# Spring Promo Comin'..........



## rrdude (Mar 12, 2010)

I had to talk to an agent to register my kids, and they told me to "look out for..........

Spring Promo: EARN DOUBLE or TRIPLE POINTS, MAKE SURE ALL ARE REGISTERED. Starts March 22nd-April 7th earns DOUBLE, April 8 to end-of-promo on May 29th, earns TRIPLE.

OBVIOUSLY there are restrictions / clauses, but that's all I know for now!


----------



## Cristobal (Mar 12, 2010)

rrdude said:


> I had to talk to an agent to register my kids, and they told me to "look out for..........
> Spring Promo: EARN DOUBLE or TRIPLE POINTS, MAKE SURE ALL ARE REGISTERED. Starts March 22nd-April 7th earns DOUBLE, April 8 to end-of-promo on May 29th, earns TRIPLE.
> 
> OBVIOUSLY there are restrictions / clauses, but that's all I know for now!


Nice!

I see a few more multi-train 'lunch runs' on the Capitol Corridor in my near future. :lol:


----------



## MrFSS (Mar 12, 2010)

rrdude said:


> I had to talk to an agent to register my kids, and they told me to "look out for..........
> Spring Promo: EARN DOUBLE or TRIPLE POINTS, MAKE SURE ALL ARE REGISTERED. Starts March 22nd-April 7th earns DOUBLE, April 8 to end-of-promo on May 29th, earns TRIPLE.
> 
> OBVIOUSLY there are restrictions / clauses, but that's all I know for now!


Have these type promotions, in the past, applied to tickets already purchased as long as travel is within the dates specified?

In other words, I have a ticket I have bought that will give me travel between April 8th May 29th. Do I just need to register and that will take care of already purchased tickets?

Thanks!!


----------



## AlanB (Mar 12, 2010)

MrFSS said:


> rrdude said:
> 
> 
> > I had to talk to an agent to register my kids, and they told me to "look out for..........
> ...


Generally yes, the key date is the travel date, not the purchased date.

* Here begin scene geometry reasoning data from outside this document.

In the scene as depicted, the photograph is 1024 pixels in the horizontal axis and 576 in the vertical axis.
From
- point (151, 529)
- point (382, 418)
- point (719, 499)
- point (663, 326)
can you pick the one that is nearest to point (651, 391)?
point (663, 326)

I seem to recall one promo where there was something about purchase dates, but I'm not positive on that.


----------



## rrdude (Mar 12, 2010)

It's certainly not Gospel, but I did ask the AGR rep if I had already purch'd tickets, would the trip qualify, and she said "Yes".

She even said that "if you forgot to register, and took the trip, to call AGR, and they'd 'make sure you got your bonus'.............."


----------



## jmbgeg (Mar 12, 2010)

rrdude said:


> I had to talk to an agent to register my kids, and they told me to "look out for..........
> Spring Promo: EARN DOUBLE or TRIPLE POINTS, MAKE SURE ALL ARE REGISTERED. Starts March 22nd-April 7th earns DOUBLE, April 8 to end-of-promo on May 29th, earns TRIPLE.
> 
> OBVIOUSLY there are restrictions / clauses, but that's all I know for now!

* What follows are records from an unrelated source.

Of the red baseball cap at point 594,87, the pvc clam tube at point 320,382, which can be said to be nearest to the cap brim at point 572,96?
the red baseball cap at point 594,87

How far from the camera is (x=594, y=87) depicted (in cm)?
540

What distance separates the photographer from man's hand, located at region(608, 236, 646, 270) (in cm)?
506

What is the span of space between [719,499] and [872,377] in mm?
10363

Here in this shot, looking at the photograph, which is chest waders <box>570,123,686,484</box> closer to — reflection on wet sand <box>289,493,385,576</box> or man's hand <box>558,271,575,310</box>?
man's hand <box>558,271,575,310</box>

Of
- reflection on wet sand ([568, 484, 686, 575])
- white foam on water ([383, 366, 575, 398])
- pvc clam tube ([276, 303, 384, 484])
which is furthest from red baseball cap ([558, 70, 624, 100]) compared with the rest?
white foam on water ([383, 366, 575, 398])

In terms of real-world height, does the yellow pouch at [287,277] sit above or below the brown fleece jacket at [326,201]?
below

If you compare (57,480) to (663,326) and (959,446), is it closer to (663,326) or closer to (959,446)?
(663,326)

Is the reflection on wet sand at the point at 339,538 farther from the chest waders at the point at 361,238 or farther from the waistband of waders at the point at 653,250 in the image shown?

Great. I have a SPK-SEA trip March 26; and SPK-CLE and SPK-LVS in May.


----------



## RRrich (Mar 12, 2010)

Does that mean that my $4 ticcket will get me triple points or 300 points (just checking)?


----------



## BeckysBarn (Mar 12, 2010)

RRrich said:


> Does that mean that my $4 ticcket will get me triple points or 300 points (just checking)?


300 pts! I'm calculating how many times I can go round trip SPI & LCN (for $6 or less) to rack up 600 pts per trip. That's like $0.01 per pt!


----------



## the_traveler (Mar 12, 2010)

RRrich said:


> Does that mean that my $4 ticcket will get me triple points or 300 points (just checking)?


Yes! 

Also remember that only the 100 bas points count toward status, the 200 bonus points do not.


----------



## the_traveler (Mar 12, 2010)

AlanB said:


> MrFSS said:
> 
> 
> > Have these type promotions, in the past, applied to tickets already purchased as long as travel is within the dates specified?
> ...


It is based on the travel date. That was one promo that did state



> ...tickets purchased after ____ will get the bonus points ...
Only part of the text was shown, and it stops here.